Драч склонил голову набок. Размял шею. Сжал кулаки.
Сила и злость вытекли из Стефани, как холодная вода, и ее снова доверху заполнили нерешительность и страх. Она захлопнула и заперла дверь. Но не отошла от нее, потому что Драч все еще стоял с обратной стороны.
– Я не хочу, штобы то, о чем мы говорили, куда-нибудь просочилось, ага? Если мне позвонят из управы, или копы, ага, если я где-нибудь услышу, што ты пиздишь про этот дом, я буду очень недоволен. Ты ничего ни про мое прошлое не знаешь, ни про Фергалово. А у нас есть ключики от этой двери.
Его шаги удалились прочь, в темноту.
Когда Стефани перестала их слышать, она позвонила Райану.
Он не взял трубку.
К девяти вечера иностранки развлекли еще четверых «посетителей». Масштаб анонимного людского потока, проходившего через дом, не давал беспокойству Стефани утихнуть и добавлял к нему щепотку отвращения.

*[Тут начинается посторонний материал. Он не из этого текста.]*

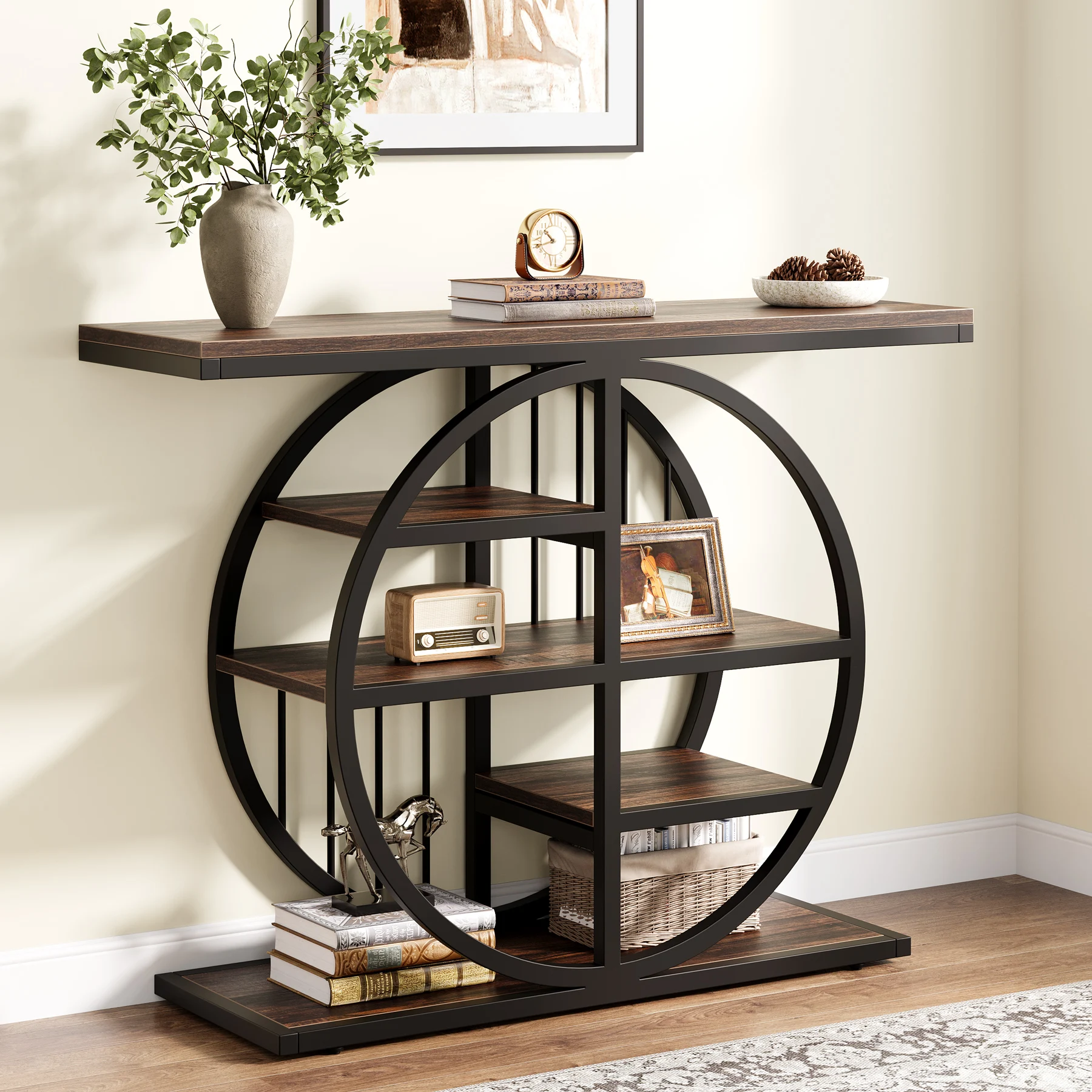 Tribesigns 39" Entryway Console Table with Circle Base and Storage Shelves for Living Room, Hallway, Foyer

У окна лежали собранные сумки, подготовленные для побега, но куда – она не знала. Стефани уже сделала два самых отчаянных звонка в своей жизни: один в ХСМЖ [6], другой – в женский кризисный центр. В центре принимали только жертв избиения, направленных полицией; в ХСМЖ был длинный список ожидания.
А потом она приняла окончательное решение. Она дождется утра, возьмет все, что сможет унести, проведет ближайшие две ночи в дешевой гостинице, отложит последние сорок фунтов на поезд и еду и в среду вернется в Сток упрашивать Вэл, чтобы та ее приняла. С первой ночи в доме № 82 у нее был выбор исключительно из неприятных и неприглядных вариантов. Безнадежная нерешительность, а может даже надежда или самообман, ничем ей не помогали. Но теперь у нее не было выбора. Она должна была уйти отсюда утром.
Стефани легла в кровать в одежде. У кровати, наготове, стояла пара кроссовок. Еще одна ночь. Всего одна ночь.
Она лежала в постели несколько часов, пока машины замедлялись возле дома и отъезжали от него. Иногда они останавливались и хлопали дверями. Периодически по цементной дорожке перед домом шуршали шаги. Вдалеке открывалась и закрывалась передняя дверь. Скрипела лестница. Смеялись девушки. Включался и выключался свет. Сквозь потолок доносилась танцевальная музыка из мобильников. Драч носился вверх и вниз по лестнице, сопровождая, направляя, болтая, самодовольно хохоча, потому что все шло, как он хотел. Распустивший перья, скачущий петушок – она представила себе, как улыбаются широкие губы, как пересчитывают выручку змеиные глаза с тяжелыми веками, оценивая клиентов. Где был его кузен? Пялился на дверь на первом этаже?